Le parcours mouvementé de l'écrivain dans un siècle marqué par la guerre, la domination coloniale et les affrontements idéologiques.

De George Orwell, on connaît surtout les univers dystopiques : celui de La Ferme des animaux d’abord, puis de 1984, qui tous deux représentent, par le détour de la fable animalière ou du récit d’anticipation, la réalité d’un monde que le totalitarisme a verrouillé. Or, comme le rappelle Stéphane Maltère dans la précieuse biographie qu’il lui consacre, Orwell ne vint que tardivement à ce genre de « fictions » (le terme est polémique : il n’allait de soi ni pour l’auteur, ni pour son éditeur Gollancz). Pour le reste, la production littéraire de cet écrivain est essentiellement constituée d’œuvres réalistes, issues d’un méticuleux travail documentaire, ou bien inspirées de la propre existence d’Eric Blair (le vrai nom d’Orwell). Existence qui traversa la grande histoire, fut traversée en retour par les questionnements idéologiques propres au XXe siècle, et qui ne cessa de nourrir chez l’auteur un désir de révolte auquel sa plume fournit, comme naturellement, un exutoire.

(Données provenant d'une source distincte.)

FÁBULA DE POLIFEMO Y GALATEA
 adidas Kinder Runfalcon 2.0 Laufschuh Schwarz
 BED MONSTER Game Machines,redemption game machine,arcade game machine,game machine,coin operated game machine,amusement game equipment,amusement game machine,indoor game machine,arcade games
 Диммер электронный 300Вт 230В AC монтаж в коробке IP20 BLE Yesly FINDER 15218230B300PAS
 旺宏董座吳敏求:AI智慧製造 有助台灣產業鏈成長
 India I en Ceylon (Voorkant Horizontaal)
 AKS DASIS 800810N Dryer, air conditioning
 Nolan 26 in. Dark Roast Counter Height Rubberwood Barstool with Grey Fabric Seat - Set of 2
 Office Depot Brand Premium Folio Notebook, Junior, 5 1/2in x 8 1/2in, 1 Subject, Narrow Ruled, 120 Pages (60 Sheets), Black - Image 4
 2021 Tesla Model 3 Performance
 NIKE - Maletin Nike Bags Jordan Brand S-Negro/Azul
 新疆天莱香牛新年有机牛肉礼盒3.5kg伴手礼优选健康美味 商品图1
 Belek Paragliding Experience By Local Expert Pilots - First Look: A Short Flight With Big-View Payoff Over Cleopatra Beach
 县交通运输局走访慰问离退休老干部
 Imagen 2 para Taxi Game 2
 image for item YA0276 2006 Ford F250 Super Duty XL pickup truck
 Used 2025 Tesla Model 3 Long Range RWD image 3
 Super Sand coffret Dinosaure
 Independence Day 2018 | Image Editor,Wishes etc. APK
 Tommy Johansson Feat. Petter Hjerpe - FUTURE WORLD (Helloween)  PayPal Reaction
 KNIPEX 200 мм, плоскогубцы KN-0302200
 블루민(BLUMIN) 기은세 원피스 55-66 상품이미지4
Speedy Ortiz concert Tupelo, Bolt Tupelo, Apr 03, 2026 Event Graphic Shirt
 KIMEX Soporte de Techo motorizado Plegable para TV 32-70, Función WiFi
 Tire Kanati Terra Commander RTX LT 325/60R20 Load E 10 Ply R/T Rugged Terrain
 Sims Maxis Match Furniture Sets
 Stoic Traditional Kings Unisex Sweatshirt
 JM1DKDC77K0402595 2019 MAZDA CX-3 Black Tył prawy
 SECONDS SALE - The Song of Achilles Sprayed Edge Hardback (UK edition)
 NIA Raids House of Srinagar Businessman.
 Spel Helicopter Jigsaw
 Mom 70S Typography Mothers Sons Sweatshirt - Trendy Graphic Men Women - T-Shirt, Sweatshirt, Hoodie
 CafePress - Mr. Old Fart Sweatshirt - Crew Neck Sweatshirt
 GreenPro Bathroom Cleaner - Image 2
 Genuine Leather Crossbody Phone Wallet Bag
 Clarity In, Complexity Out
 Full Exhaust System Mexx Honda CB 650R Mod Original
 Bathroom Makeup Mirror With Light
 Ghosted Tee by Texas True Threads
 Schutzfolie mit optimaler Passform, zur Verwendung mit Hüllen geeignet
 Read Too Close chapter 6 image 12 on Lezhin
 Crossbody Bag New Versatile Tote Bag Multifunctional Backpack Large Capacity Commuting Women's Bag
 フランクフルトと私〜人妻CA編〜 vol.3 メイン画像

Stéphane Maltère propose ainsi de ressaisir au plus près le réalisme d’Orwell à la lumière de ses réflexions politiques, dans un ouvrage agréable à lire et prodigue en informations précieuses. Où l’on apprend qu’Orwell fut, dès son jeune âge, un observateur critique de son temps, que son engagement politique doit beaucoup à cette faculté d’observation et qu’enfin son écriture lui donne forme par son réalisme exigeant.

 

Observateur et « infiltré »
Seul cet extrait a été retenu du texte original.